Accueillir un nombre de musulmans toujours plus important
D’extérieur, la mosquée sera donc reconnaissable avec des grandes arches et des calligraphies typiques islamiques. À l’intérieur, le lieu de culte sera sur trois niveaux : un rez-de-chaussée et deux étages.
Au rez-de-chaussée, il y aura bien évidemment un espace cultuel avec une salle de prière pour les hommes, installée sous une grande verrière pour apporter un maximum de luminosité. « L’espace de prière doit absorber nos besoins. Le nombre de fidèles est en nette augmentation. Avant la destruction, les vendredis et pendant le Ramadan, on avait jusqu’à 2 000 personnes présentes aux prières. » À ce premier niveau, il y aura également une salle d’ablution, pour que les musulmans se purifient avant la prière.
Au premier étage se trouvera la salle de prière des femmes aménagée en mezzanine, une autre salle d’ablution, ou encore des salles de réunion.
Enfin, le dernier niveau sera consacré aux activités extrascolaires comme l’apprentissage de la langue arabe. « On agrandit le bâtiment complet mais pas forcément l’espace de prière » présent Karim Hadj. Hommes et femmes confondus, la nouvelle mosquée Bilal pourrait accueillir en simultanée 1 716 personnes, 1 932 en prière dite « étendue » pendant les grandes journées comme le vendredi.
Un terrain plus grand avec différentes entrées
L’entrée principale, pour les hommes, se fera du côté du boulevard du Chevalier Bayard. Mais d’autres entrées seront aménagées pour fluidifier la circulation des fidèles dans le bâtiment. Les femmes, qui ne prient pas au même endroit que les hommes, auront leur propre entrée à l’arrière de la mosquée, du côté de l’avenue Jean Bouvin.
Il y aura un cheminement piéton avec des espaces verts, la végétalisation, c’est très important pour nous !

Vendredi 4 avril 2025, la mairie de Meaux a d’ailleurs voté la cession d’une parcelle de 300 m2. Grâce à cet espace, la mosquée pourra être construite quelques mètres plus loin, afin de créer un parvis d’assurer la sécurité des fidèles, qui seront donc plus éloignés du boulevard.

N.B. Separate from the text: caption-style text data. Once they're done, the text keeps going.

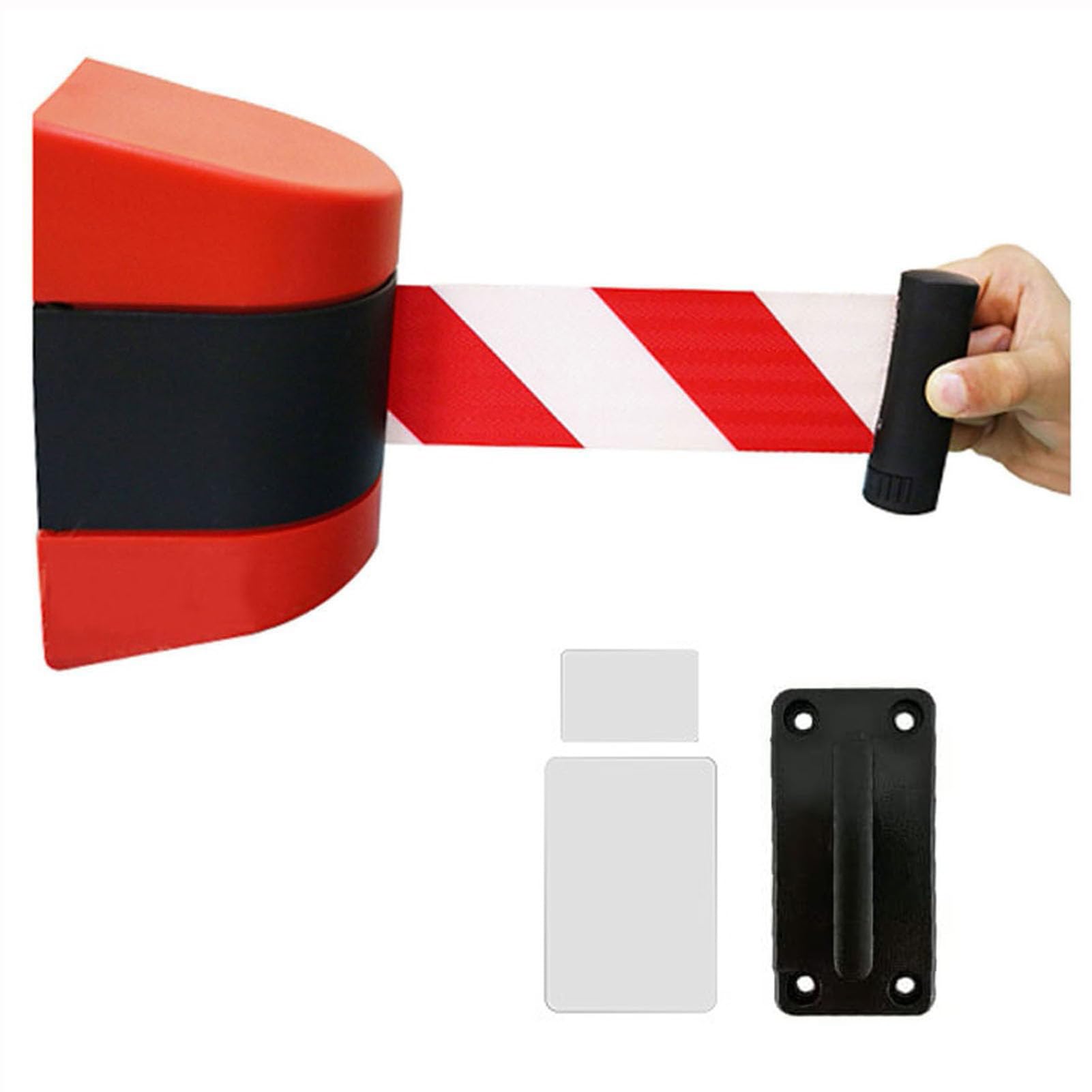 Wysuwana bariera paska do kontroli tłumu, samoprzylepny sznurek bezpieczeństwa do montażu na ścianie, łatwa instalacja do użytku wewnątrz/na zewnątrz, idealna na imprezy i kolejki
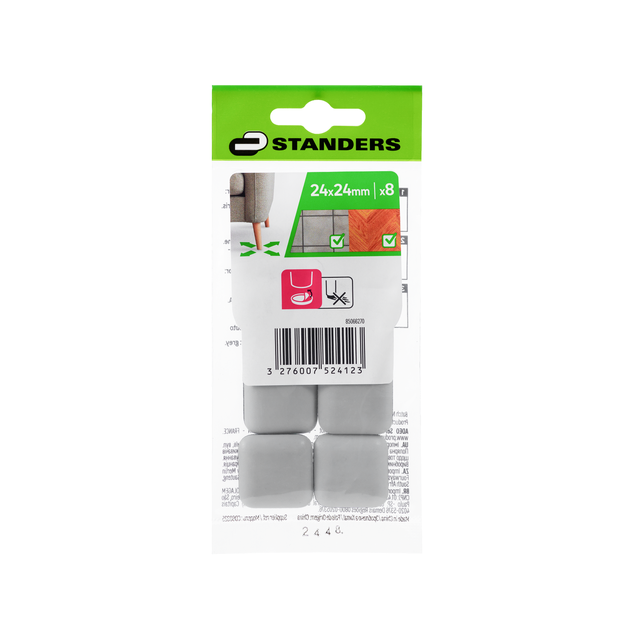 Juego de 8 patines cuadrados STANDERS de PTFE de 24 x 24 mm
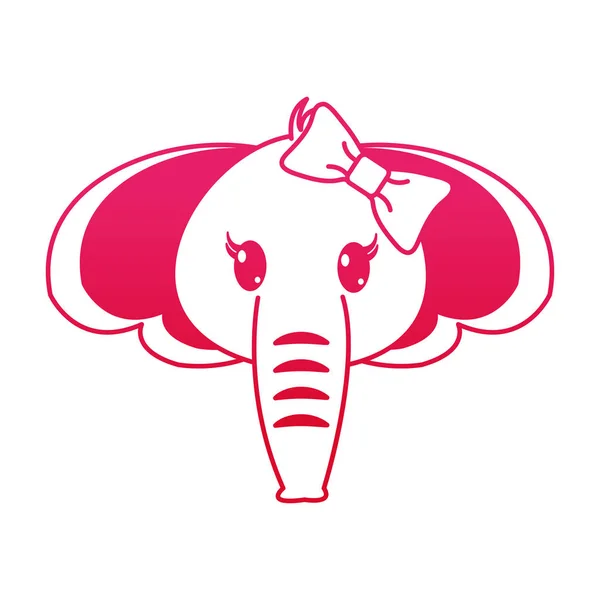 Fucsia line female elephant head cute animal — Stock Vector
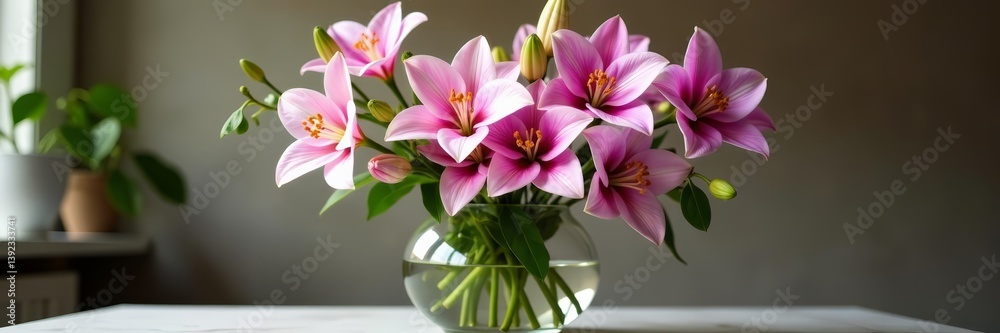 Elegant arrangement of lilies and orchids in crystal vase with soft lighting, flowers, still life, elegant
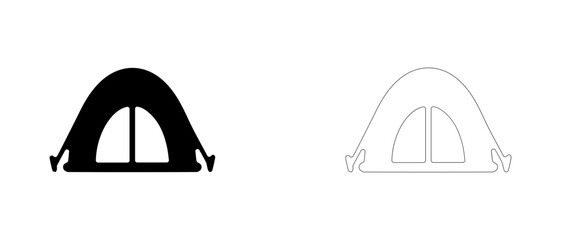 Camping shelter tent vector icon filled and outline, outdoor dome tent and accommodation symbol. © PicMag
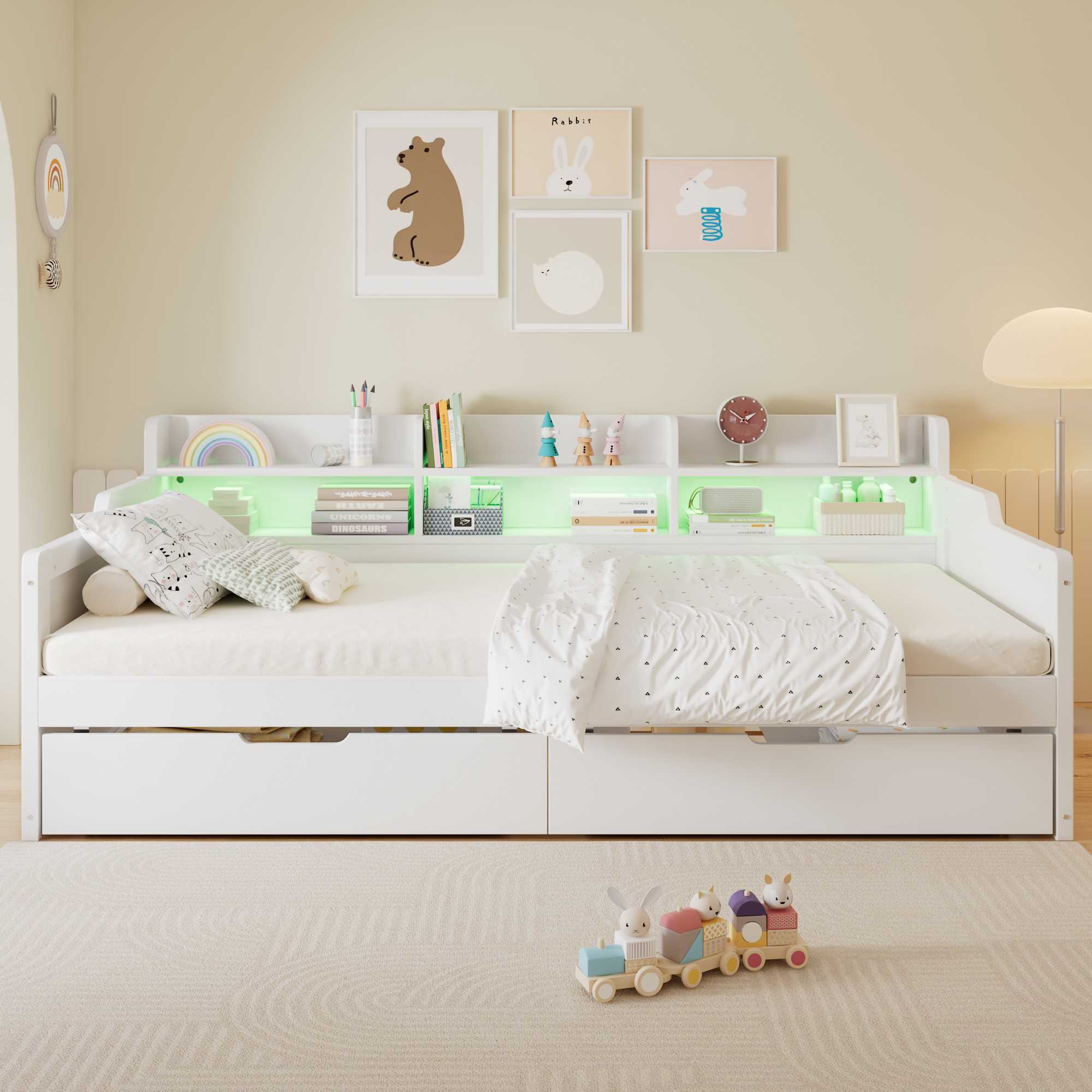 Wooden Bed, Daybed, Storage 3ft Single 90x190cm, With LED Strip Light, Sturdy — image 2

« On sait que ça peut être mal vu »
Élément rare aujourd’hui : la mosquée sera également composée d’un minaret sur l’extrême droite du bâtiment. Une grande tour de plus de 17 mètres qui doit surplomber les autres bâtiments de l’édifice. Traditionnellement, le minaret permet d’appeler les fidèles à la prière, cinq fois par jour, avec une alerte sonore.
Voulant réaliser une mosquée écologique, le CMM souhaite que le minaret puisse récupérer les eaux de pluie. « On sait que ça peut être mal vu, comme les coupoles, qui sont des éléments typiques de l’architecture islamique. » Pour limiter la gêne aux personnes du quartier, le CMM réfléchit à faire un appel à la prière lumineux avec une petite lumière LED.
Karim Hadj le sait, ce projet peut faire réagir même si, pour l’heure, aucun retour n’a été reçu en dehors de la communauté musulmane. « On comprendrait qu’il y ait des craintes par rapport à la visibilité, c’est légitime. On ne veut froisser personne et on travaille avec la mairie sur un projet interreligieux. Nous sommes musulmans, mais aussi Meldois. Il faut casser les barrières ! On envisage même de faire une journée portes ouvertes à la fin des travaux pour la population. On est là pour briser les préjugés » réagit le secrétaire du CMM, anticipant les différentes réactions des habitants de Meaux.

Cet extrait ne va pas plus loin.